The ISA is distinguished from the micro-architecture, which is the internal design of the processor implementing the instruction set. Processors with different micro-architectures can share a common instruction set. For example, Intel® Core™ processors and processors from Advanced Micro Devices, Inc. of Sunnyvale, Calif. implement nearly identical versions of the x86 instruction set (with some extensions that have been added with newer versions), but have different internal designs. For example, the same register architecture of the ISA may be implemented in different ways in different micro-architectures using well-known techniques, including dedicated physical registers, one or more dynamically allocated physical registers using a register renaming mechanism, etc.

Modern processor cores generally support multithreading to improve its performance efficiency. For example, Intel® Xeon™ cores currently provide 2-way simultaneous multithreading (SMT). Increasing the number of threads per core can bring higher performance to key server applications. However, increasing the number of SMT threads (from two to four or more) is very complex, costly and error-prone.

An alternative multithreading approach is to implement user-level threads managed by application software. For example, Microsoft® systems use software mechanisms to manage user-level threads called fibers. Using the fiber or a similar approach, an application can switch from a first fiber to a second fiber when the first fiber encounters a long latency event (e.g., I/O, a non-user event, wait-for-semaphore, etc.). The management and execution of fibers can be fully handled and carefully tuned by the application. However, performance improvement by the fiber approach is quite limited due to the costly switch penalty between fibers (e.g., save, restore, branch operations), and due to the limitations of software in figuring out efficiently when to switch for both short and long latency hardware stall events.

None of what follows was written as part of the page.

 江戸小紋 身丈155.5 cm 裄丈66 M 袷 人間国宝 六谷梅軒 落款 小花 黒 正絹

BRIEF DESCRIPTION OF THE DRAWINGS

Embodiments are illustrated by way of example and not limitation in the Figures of the accompanying drawings:

FIG. 1A is a block diagram of an instruction processing apparatus having an extended register set according to one embodiment.

FIG. 1B is a block diagram of register architecture having an extended register set according to one embodiment.

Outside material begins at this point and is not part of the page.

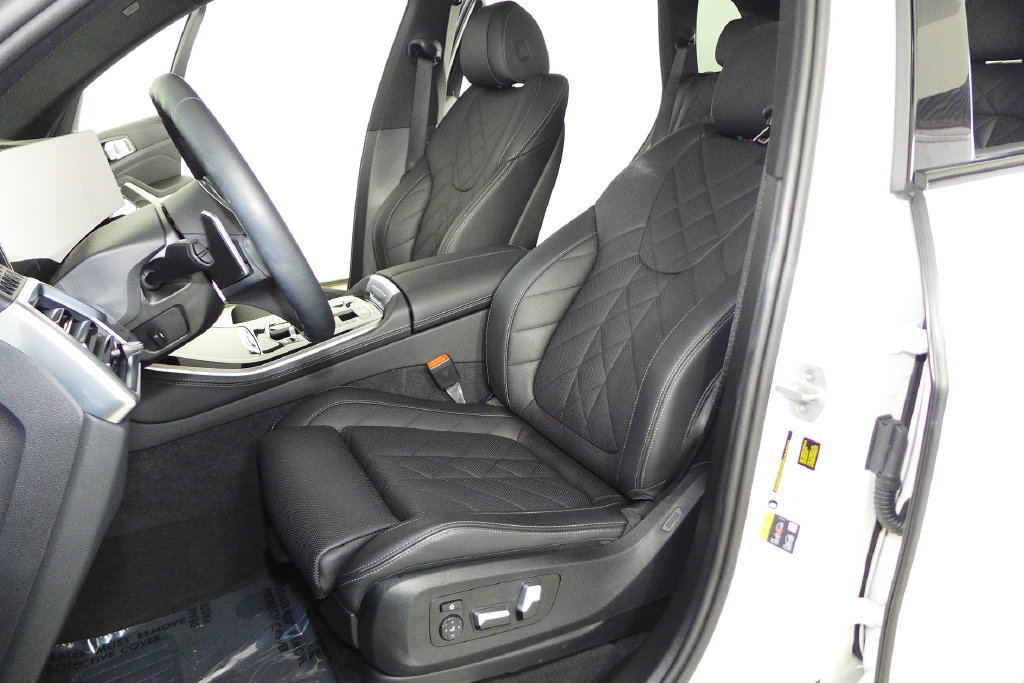 Certified 2025 BMW X5 xDrive50e w/ M Sport Package AWD/4WD image 22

FIG. 2A illustrates an example of memory regions for storing multiple hiber contexts according to one embodiment.

FIG. 2B illustrates an example of an extended register set including banks for storing multiple hiber contexts according to one embodiment.

FIG. 2C illustrates another example of an extended register set including banks for storing multiple hiber contexts according to one embodiment.

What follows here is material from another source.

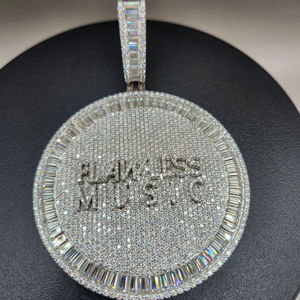 Colgante de diamante de moissanita helada para mujer VVS Hip Hop para hombre, colgante redondo y corte Baguette, regalo para Plata de Ley 925 - Product Image 1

FIG. 3 illustrates an example of vector registers divided into partitions for storing multiple hiber contexts according to one embodiment.

FIG. 4A illustrates an example of a program including an instruction that is likely to cause cache misses.

FIG. 4B illustrates an example of using state exchange instructions for executing multiple hibers.

FIG. 5 is a flow diagram illustrating operations to be performed according to one embodiment.

FIG. 6 is a block diagram illustrating the use of a software instruction converter to convert binary instructions in a source instruction set to binary instructions in a target instruction set according to one embodiment.

FIG. 7A is a block diagram of an in-order and out-of-order pipeline according to one embodiment.

FIG. 7B is a block diagram of an in-order and out-of-order core according to one embodiment.

FIGS. 8A-B are block diagrams of a more specific exemplary in-order core architecture according to one embodiment.

FIG. 9 is a block diagram of a processor according to one embodiment.

FIG. 10 is a block diagram of a system in accordance with one embodiment.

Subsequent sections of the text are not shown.